Cosine similarity should be less than 0.40 or euclidean distance should be less than 120 based on my observations. Thresholds might be tuned based on your problem. It is all up to you to choose the similarity measurement.

This is one shot learning process. I mean that we would not feed multiple images of a person to network. Suppose that we store a picture of a person on our database, and we would take a photo of that one in the entrance of building and verify him. This process can be called face verification instead of face recognition.

Some researchers call finding distances of represented two images as Siamese networks.

Testing

I tested the developed model with variations of Angelina Jolie and Jennifer Aniston. Surprisingly, the model can verify all instances I fed. For example, Angelina Jolie is either blonde or brunette in the following test set. She even wears a hat in a image.

angelina-jolie-true-positive-v2 — Detecting Angelina Jolie

The mode is very successful for true negative cases. Descriptor can overwhelmingly detect Angelina Jolie and Jennifer Aniston.

angelina-jolie-vs-jennifer-anistos — Detecting that Jennifer Aniston and Angelina Jolie are different person

True positive results for Jennifer Aniston fascinate me. I might not detect the 3rd one (2nd row, 1st column). Jennifer is at least 10 years young in that photo.

jennifer-aniston-true-positive — True positive cases for Jennifer Aniston

I think the revolutionary testing was on Katy Perry. The face recognition model can recognize her even for dramatic appearance change.

katy-perry-face-recognition — Dramatic transformation of Katy Perry can be detected

Of course, I can test the model for limited number of instances. The model got 98.78% accuracy for labeled faces in the wild dataset. The dataset contains 13K images of 5K people. BTW, researchers fed 2.6 M images to tune the model weights.

Having the hair dyed or wearing hat just like in movies do not work against AI systems. Movie producers should find more creative solutions.

angelina-jolie-salt — Angelina Jolie has her hair dyed in Salt (2010)
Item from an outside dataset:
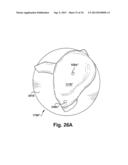 SYSTEM OF PREOPERATIVE PLANNING AND PROVISION OF PATIENT-SPECIFIC SURGICAL     AIDS diagram and image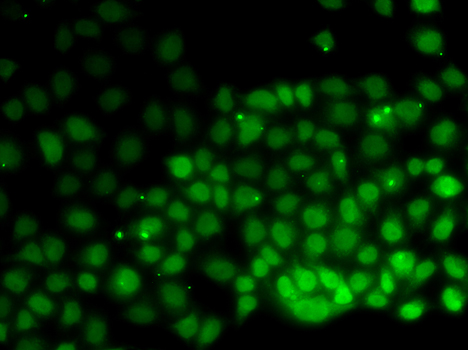 Immunofluorescence blot of HeLa cell using HMGN2 antibody.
Real Time Deep Face Recognition

We can apply deep face recognition in real time as well. Face pictures in database represented as 2622 dimensional vector at program initialization once. Luckily, opencv can handle face detection. Then, we will represent detected face and check similarities.

Early stages of face recognition pipeline

Modern face recognition pipelines consist of 4 stages: detect, align, represent and classify / verify. We’ve ignored the face detection and face alignment step not to make this post so complex. However, it is really important for face recognition tasks

Face detection can be done with many solutions such as OpenCV, Dlib or MTCNN. OpenCV offers haar cascade, single shot multibox detector (SSD). Dlib offers Histogram of Oriented Gradients (HOG) and Max-Margin Object Detection (MMOD). Finally, MTCNN is a popular solution in the open source community as well. Herein, SSD, MMOD and MTCNN are modern deep learning based approaches whereas haar cascade and HoG are legacy methods. Besides, SSD is the fastest one. You can monitor the detection performance of those methods in the following video.
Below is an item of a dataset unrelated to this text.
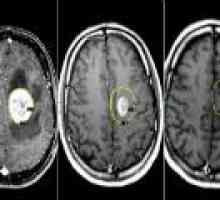 Brain Tumor - vzroki, simptomi, zdravljenje
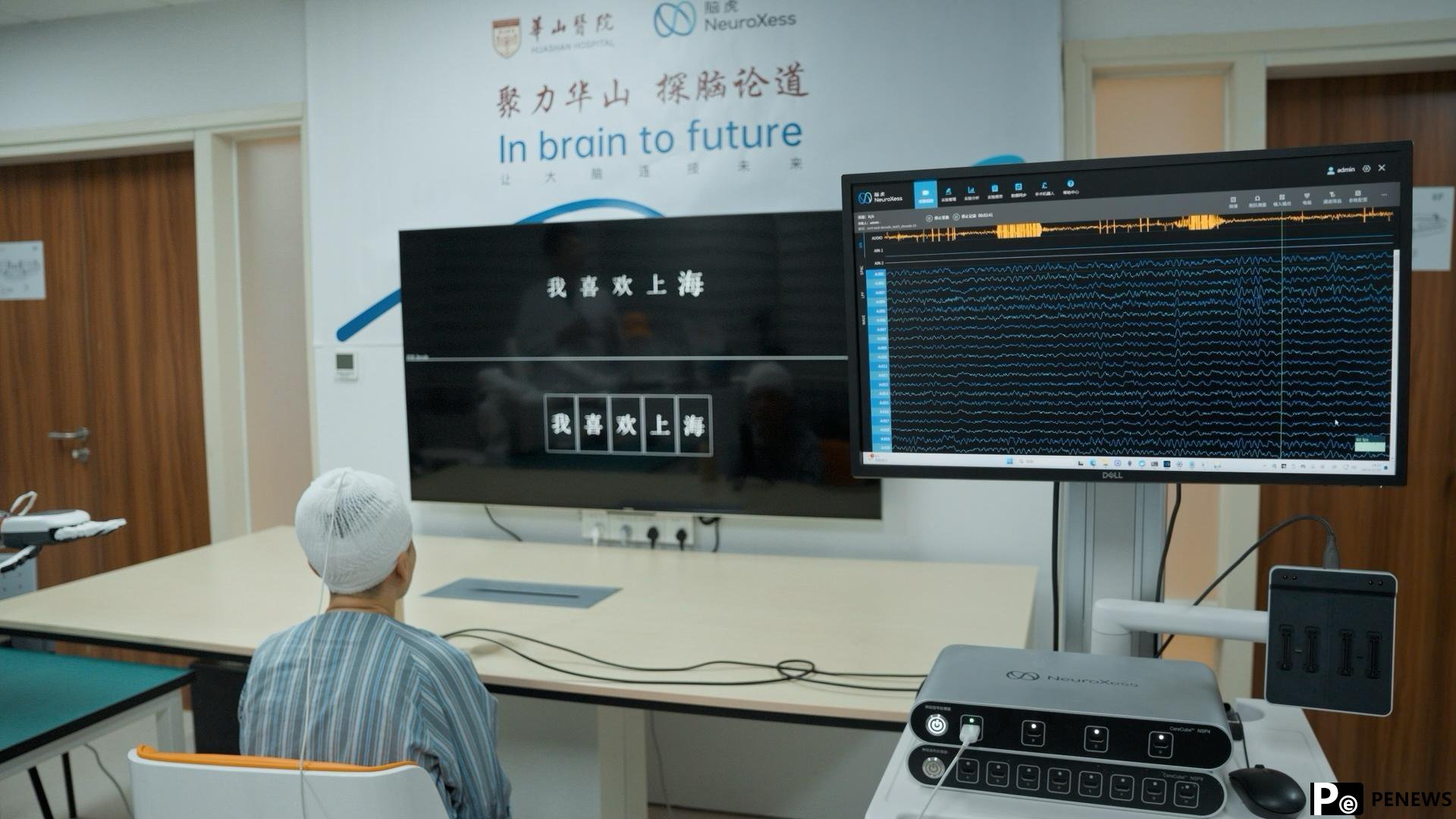 China achieves breakthrough in BCI clinical trials, enabling patient to convert thoughts into text for communication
Here, you can watch how to use different face detectors in Python.

Moreover, Google declared that face alignment increases its face recognition model FaceNet from 98.87% to 99.63%. This is almost 1% accuracy improvement which means a lot for engineering studies. Here, you can find a detailed tutorial for face alignment in Python within OpenCV.

You can find out the math behind alignment more on the following video:

Besides, face detectors detect faces in a rectangle area. So, detected faces come with some noise such as background color. We can find 68 different landmarks of a face with dlib. In this way, we can get rid of any noise of a facial image.

In addition, MediaPipe can find 468 landmarks. Please see its real time implementation in the following video. Recommended tutorials: Deep Face Detection with MediaPipe, Zoom Style Virtual Background Setup with MediaPipe.

Here, retinaface is the cutting-edge face detection technology. It can even detect faces in the crowd and it finds facial landmarks including eye coordinates. That’s why, its alignment score is very high.

Approximate Nearest Neighbor

As explained in this tutorial, facial recognition models are being used to verify a face pair is same person or different persons. This is actually face verification instead of face recognition. Because face recognition requires to perform face verification many times. Now, suppose that you need to find an identity in a billion-scale database e.g. citizen database of a country and a citizen may have many images. This problem has O(n x logn) time complexity where n is the number of entries of your database.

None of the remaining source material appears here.